### TASK PROMPT:
Transcribe exactly everything in the data below from the line containing "Neubrandenburg: Unbekannte tauschen" down to the line containing "マザー A4 肩掛け　黒", both lines included and nothing further.

### SUPPLIED INFORMATION:
# # # # #

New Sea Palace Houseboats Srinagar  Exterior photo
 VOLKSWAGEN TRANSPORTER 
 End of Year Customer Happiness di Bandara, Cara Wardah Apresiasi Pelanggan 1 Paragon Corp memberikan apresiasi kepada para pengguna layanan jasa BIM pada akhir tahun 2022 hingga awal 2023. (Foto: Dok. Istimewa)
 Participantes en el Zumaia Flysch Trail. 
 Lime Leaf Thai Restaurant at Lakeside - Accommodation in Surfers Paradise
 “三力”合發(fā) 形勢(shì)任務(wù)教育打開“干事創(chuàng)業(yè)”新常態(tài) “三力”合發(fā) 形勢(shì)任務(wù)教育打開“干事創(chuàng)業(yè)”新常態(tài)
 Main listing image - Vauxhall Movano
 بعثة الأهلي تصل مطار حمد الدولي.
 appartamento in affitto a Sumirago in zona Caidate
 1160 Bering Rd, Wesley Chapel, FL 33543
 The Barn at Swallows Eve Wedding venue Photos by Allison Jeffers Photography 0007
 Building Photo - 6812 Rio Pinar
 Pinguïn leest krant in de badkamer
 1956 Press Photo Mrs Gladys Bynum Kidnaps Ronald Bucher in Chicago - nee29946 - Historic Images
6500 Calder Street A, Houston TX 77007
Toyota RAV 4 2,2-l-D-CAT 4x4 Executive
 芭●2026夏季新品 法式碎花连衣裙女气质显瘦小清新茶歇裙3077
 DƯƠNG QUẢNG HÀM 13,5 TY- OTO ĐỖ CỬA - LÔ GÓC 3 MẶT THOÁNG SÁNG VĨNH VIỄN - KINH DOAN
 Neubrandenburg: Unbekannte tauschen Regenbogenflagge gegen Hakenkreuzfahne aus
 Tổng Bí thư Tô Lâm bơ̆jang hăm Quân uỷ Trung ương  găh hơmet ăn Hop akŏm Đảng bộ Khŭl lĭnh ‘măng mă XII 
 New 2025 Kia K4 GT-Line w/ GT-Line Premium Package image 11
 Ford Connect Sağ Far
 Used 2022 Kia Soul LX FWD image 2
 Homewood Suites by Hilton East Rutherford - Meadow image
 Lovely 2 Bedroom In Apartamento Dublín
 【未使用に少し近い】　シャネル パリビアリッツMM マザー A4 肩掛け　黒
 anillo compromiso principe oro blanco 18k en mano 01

# # # # #

### ANSWER SECTION:
 Neubrandenburg: Unbekannte tauschen Regenbogenflagge gegen Hakenkreuzfahne aus
 Tổng Bí thư Tô Lâm bơ̆jang hăm Quân uỷ Trung ương  găh hơmet ăn Hop akŏm Đảng bộ Khŭl lĭnh ‘măng mă XII 
 New 2025 Kia K4 GT-Line w/ GT-Line Premium Package image 11
 Ford Connect Sağ Far
 Used 2022 Kia Soul LX FWD image 2
 Homewood Suites by Hilton East Rutherford - Meadow image
 Lovely 2 Bedroom In Apartamento Dublín
 【未使用に少し近い】　シャネル パリビアリッツMM マザー A4 肩掛け　黒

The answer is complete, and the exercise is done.